Running Melissa in a virtual cluster

In this tutorial we demonstrate the deployment of Melissa in a slurm virtual cluster.

Note

Information for OAR and more can be found on the original virtual cluster documentation.

Setting up the virtual cluster

The requirements to run an LXD based virtual cluster are:

  • LXD 3.0 or newer (older releases may work but were never tested),
  • distrobuilder.

On debian systems, these are available through snap

sudo snap install lxd
sudo snap install distrobuilder --classic

First let us run the following command to start the interactive configuration process:

sudo lxd init

Note

Please when asked, apply the default configuration.

Then, LXD can be added to the machine groups:

sudo adduser <your username> lxd
groups

The groups command should print a series of groups the user is part of and this list should end with lxd.

Note

This may require to reboot your machine to take effect.

Next, clone and move to the melissa-ci repository can be cloned

git clone https://gitlab.inria.fr/melissa/melissa-ci.git
cd melissa-ci

By creating and moving to a temporary folder as follows:

mktemp -d  # this will create a temporary dir in /tmp/
cd /tmp/tmp.<some-name>
the user can then execute distrobuilder:
sudo distrobuilder build-lxd /path/to/melissa-ci/lxd/rockylinux.yaml \
 -o image.release=8 \
 -o image.architecture=x86_64 \
 -o image.variant=virtual-cluster \
 -o source.variant=boot

Note

Because CentOS v8 is not maintained anymore, CentOS was replaced with Rocky Linux (same distribution as Jean-Zay).

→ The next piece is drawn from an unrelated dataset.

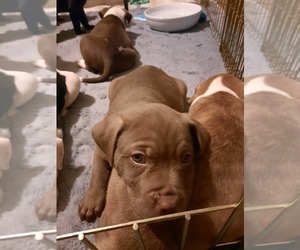 American Staffordshire Terrier-Labrador Retriever Mix Puppy for sale in CRANBERRY TWP, PA, USA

Finally, the image can be imported like this:

lxc image import \
 --alias 'virtual-cluster/rockylinux/8/amd64' \
 -- lxd.tar.xz rootfs.squashfs

Launching the virtual cluster

Now that the LXD image was built and imported, go to the melissa-ci/virtual-cluster directory. The following command shows the available parameters of the launch-virtual-cluster.py script:

python3 launch-virtual-cluster.py --help

Warning

  • For a given scheduler, this script first stops and deletes all existing virtual clusters of this kind.
  • In every virtual cluster one container will be dedicated to the batch scheduler. Hence at least two containers are required.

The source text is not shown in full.